Use a multilevel domain naming strategy to manage large domains.	Creates a complex, but more manageable domain than a large, single-level domain.	If you have a large domain, you could name upper-level domains after cities such as, nyc.compaq.com, paris.compaq.com , and geneva.compaq.com , and lower-level domains based on site codes or some other more specific geographic name.
Select domain names that are short and describe the resource represented.	These names are easier to remember.	For example, you could use ftp.aero.dev.abc.com as the domain name of the FTP access point used by the ABC's aerospace development division.

5.3.2.1 Case Sensitivity

The BIND service preserves the case of names as they are entered. Lookups, however, are case insensitive, so it is not possible to create two names that differ only in their case. For example, requests to look up mynode.lkg.compaq.com, MYNODE.lkg.compaq.com, and MyNode.lkg.compaq.com would all produce the same result. If someone attempted to create entries in the zone database files for all three domain names, you would have multiple records for the same name.

5.3.2.2 Planning Domain Names for Reverse Lookups

The IN-ADDR.ARPA domain names include up to four domain labels in addition to the IN-ADDR.ARPA suffix. Each label represents one octet of an Internet address, in reverse order. For example, if your host has Internet address 37.20.16.08, its domain name for reverse translation would be: 08.16.20.37.IN-ADDR.ARPA.

Use the following guidelines:

• Make sure that each address has a record in the zone file that provides the canonical name of the host (this is the PTR record). Some applications do not function properly unless they can find a host name.
• When you receive a block of addresses to use, ask the organization that supplied them to you about any required actions you need to take regarding reverse translation domain servers.
• If you use a small number of addresses and part of a set of addresses that are owned by a service provider, the service provider typically ensures that reverse translations will be handled properly.
• If you receive a block of addresses from the InterNIC, you are responsible for ensuring reverse translation servers exist.

Deciding which domain names and hosts belong in a zone is a simple task if you planned your domain hierarchy carefully. Your zone will contain domain names, hosts, and servers. The master zone file, maintained on master servers, contains all the information for the zone.

If you decide to create zones, consider an overall administration scheme. Your plan for who will use and manage names can have a strong influence on zone structure. For example, the upper-level domains should be stable, widely known, and limited in content. Only a few trusted users should be able to create or modify their contents.

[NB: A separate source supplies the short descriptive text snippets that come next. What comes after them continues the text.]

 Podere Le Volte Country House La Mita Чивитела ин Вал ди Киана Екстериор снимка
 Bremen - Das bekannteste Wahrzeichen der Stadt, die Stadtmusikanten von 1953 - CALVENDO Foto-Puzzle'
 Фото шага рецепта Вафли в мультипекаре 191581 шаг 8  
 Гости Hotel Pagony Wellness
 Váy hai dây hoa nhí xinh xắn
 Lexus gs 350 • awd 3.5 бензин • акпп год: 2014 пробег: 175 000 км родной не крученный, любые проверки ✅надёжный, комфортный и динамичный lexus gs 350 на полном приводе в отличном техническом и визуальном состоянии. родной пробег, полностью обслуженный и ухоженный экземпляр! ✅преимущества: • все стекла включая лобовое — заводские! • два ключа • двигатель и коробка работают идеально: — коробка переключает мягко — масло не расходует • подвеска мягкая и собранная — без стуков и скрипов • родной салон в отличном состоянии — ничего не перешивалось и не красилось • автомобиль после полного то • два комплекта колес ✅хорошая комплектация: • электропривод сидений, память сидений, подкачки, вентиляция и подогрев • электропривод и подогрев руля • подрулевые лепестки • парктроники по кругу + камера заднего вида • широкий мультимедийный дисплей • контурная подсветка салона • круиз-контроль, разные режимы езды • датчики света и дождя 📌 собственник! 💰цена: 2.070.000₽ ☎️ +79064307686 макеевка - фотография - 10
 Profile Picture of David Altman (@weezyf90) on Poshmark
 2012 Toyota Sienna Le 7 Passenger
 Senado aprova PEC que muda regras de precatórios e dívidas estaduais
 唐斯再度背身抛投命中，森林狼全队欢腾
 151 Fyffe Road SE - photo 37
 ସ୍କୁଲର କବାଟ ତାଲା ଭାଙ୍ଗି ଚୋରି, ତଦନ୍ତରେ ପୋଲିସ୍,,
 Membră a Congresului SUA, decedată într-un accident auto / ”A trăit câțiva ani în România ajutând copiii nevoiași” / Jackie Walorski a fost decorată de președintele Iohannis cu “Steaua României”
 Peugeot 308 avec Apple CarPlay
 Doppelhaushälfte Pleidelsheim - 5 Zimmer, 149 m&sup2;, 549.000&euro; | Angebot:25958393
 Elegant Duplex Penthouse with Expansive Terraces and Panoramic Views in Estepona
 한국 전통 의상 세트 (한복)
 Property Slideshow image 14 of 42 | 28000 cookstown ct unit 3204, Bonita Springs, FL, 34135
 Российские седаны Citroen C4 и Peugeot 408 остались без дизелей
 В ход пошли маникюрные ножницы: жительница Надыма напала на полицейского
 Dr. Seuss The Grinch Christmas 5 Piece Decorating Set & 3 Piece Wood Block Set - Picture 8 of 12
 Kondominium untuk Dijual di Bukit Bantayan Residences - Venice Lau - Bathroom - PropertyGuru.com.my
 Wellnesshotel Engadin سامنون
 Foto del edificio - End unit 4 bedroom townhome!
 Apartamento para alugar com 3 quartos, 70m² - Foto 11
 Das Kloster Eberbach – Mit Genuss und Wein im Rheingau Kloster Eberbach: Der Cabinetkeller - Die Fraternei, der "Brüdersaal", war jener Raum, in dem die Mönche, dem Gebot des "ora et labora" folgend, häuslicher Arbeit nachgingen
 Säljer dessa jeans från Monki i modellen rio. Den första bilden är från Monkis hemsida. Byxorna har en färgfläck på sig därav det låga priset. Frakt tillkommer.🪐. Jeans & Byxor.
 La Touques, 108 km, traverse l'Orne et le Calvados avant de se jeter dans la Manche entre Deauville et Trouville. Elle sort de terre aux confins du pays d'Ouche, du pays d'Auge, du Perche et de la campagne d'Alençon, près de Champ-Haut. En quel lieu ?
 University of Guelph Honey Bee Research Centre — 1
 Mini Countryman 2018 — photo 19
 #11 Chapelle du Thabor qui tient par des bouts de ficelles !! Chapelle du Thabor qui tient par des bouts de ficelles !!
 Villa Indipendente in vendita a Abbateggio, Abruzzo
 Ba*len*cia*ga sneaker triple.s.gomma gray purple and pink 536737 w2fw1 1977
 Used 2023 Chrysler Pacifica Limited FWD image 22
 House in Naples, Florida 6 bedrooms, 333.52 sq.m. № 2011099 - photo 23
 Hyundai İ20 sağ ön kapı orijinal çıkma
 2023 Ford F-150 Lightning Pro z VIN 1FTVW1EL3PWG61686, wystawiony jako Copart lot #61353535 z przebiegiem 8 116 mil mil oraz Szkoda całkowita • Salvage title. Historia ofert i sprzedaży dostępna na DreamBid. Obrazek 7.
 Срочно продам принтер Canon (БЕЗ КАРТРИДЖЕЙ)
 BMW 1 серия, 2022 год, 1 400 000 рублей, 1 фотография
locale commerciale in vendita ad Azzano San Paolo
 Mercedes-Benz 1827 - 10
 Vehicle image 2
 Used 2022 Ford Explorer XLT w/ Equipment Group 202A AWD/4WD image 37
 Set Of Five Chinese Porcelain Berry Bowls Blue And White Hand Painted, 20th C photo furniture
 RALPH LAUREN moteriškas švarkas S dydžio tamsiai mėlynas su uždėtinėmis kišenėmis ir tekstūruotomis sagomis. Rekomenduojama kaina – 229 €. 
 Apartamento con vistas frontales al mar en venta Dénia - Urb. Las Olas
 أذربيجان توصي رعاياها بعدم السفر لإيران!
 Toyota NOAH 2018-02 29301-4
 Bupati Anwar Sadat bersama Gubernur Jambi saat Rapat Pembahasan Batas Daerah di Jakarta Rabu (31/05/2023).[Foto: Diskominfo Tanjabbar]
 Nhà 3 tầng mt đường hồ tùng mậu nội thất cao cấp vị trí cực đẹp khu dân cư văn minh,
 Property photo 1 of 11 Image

Typically, someone acts as the technical/zone contact for zones. This contact is concerned with the technical aspects of maintaining the BIND server and resolver software and the data files. The technical/zone contact keeps the BIND server running and interacts with technical users in other domains and zones to solve problems affecting the local domain.

5.3.4 Selecting Servers

Your main goals in choosing hosts for servers should be to achieve availability of data, reliability, and optimum performance. If you create your own zones, you must configure at least one master and one slave server for each zone.

Consider configuring servers even if you are not creating your own zones. If you configure a slave server for the zones (forward and reverse) where your hosts are members and point your hosts to that slave server, the BIND service will continue to work for local names even if you lose your link to the outside world.